James Watson and Francis Crick

The DNA Double Helix
A host of scientific advances, from x-rays, to electron microsopes, to computer databasing, eventually led scientists to discover DNA testing as we know it today.
In 1952, Alfred Hershey and Martha Chase classified DNA as genetic material. One year later, in 1953, Drs. James Watson and Francis Crick to correctly identified the double-helix model of DNA structure (for which they later won the nobel prize with Maurice Wilkins and additional credit now give to Rosalind Franklin).
DNA appears in the nucleus of almost all cells and contains genetic information - instructions for how cells develop and grow into human beings. Inside human cells, DNA is found in 23 pairs of chromosomes – one half of the pair comes from a child's biological father and the other half from the child's biological mother.

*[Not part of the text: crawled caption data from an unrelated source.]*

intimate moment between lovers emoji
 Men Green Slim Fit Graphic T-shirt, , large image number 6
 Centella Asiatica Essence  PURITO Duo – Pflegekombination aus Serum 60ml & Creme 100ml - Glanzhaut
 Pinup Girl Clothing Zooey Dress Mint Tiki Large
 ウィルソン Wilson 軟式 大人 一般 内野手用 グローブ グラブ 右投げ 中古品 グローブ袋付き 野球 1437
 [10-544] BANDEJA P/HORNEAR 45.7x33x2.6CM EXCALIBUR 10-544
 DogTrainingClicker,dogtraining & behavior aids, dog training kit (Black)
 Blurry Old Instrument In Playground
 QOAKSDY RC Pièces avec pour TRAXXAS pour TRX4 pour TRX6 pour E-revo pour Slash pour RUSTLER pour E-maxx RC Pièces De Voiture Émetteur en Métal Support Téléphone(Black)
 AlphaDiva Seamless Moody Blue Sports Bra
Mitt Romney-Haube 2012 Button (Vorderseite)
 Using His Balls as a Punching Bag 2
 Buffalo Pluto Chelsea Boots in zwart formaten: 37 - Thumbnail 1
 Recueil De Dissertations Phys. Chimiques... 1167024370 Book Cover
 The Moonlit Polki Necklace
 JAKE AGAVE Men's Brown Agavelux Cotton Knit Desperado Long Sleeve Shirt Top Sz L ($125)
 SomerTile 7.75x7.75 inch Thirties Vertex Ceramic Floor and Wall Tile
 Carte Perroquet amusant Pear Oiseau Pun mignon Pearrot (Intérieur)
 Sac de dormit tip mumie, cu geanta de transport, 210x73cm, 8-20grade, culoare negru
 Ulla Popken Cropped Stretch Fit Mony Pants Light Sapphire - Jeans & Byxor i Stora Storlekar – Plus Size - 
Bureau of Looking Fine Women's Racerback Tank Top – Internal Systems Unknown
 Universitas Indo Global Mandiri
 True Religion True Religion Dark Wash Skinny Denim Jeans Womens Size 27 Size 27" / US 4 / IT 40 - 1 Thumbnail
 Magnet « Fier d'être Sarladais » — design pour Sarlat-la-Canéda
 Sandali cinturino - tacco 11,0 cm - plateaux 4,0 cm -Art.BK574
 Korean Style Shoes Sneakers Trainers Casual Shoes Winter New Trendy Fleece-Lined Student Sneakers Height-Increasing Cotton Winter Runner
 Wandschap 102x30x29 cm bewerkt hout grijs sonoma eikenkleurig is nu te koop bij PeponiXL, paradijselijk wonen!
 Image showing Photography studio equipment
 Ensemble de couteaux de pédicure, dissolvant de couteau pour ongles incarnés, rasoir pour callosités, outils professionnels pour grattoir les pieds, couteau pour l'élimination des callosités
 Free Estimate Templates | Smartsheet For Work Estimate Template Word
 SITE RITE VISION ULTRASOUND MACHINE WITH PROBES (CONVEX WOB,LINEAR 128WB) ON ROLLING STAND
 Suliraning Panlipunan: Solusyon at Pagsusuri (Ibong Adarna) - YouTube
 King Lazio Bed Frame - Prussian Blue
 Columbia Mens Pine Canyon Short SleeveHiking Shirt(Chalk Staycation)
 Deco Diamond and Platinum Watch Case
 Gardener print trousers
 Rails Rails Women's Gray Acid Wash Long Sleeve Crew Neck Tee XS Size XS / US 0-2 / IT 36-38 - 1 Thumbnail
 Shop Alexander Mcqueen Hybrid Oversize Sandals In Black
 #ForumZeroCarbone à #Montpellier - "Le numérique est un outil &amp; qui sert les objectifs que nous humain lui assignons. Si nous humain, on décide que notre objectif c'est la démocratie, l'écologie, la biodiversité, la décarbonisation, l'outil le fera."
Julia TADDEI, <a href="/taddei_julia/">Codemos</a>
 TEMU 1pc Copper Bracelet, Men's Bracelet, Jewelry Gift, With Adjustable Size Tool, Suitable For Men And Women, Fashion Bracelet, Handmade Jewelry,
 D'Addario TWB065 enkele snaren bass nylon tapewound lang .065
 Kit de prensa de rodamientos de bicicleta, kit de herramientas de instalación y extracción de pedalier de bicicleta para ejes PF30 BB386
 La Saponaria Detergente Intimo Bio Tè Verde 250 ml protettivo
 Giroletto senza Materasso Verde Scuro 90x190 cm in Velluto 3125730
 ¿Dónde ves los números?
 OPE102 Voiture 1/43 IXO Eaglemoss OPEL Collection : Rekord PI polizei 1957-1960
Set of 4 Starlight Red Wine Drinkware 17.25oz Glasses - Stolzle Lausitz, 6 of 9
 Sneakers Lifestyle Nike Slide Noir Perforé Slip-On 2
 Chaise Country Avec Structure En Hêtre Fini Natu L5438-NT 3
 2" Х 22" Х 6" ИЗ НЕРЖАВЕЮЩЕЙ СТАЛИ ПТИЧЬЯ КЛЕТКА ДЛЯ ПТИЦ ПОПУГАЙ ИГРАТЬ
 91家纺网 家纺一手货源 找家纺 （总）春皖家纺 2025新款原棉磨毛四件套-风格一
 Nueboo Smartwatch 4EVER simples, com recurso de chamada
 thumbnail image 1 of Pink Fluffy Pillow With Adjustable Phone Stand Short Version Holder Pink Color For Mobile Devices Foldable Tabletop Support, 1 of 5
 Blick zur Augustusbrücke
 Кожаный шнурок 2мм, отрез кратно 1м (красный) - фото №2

DNA is a string of molecules, millions of molecules long (specifically, Adenine, Thymine, Guanine, and Cytosine, represented by the letters A, T, G, and C). The combination of molecules is uniquely different for each person - ther are literally billions upon billions of possibilities. DNA testing provides a very high power of exclusion – typically 99.99% or greater! Because of its high power of exclusion, DNA testing is also known as genetic fingerprinting.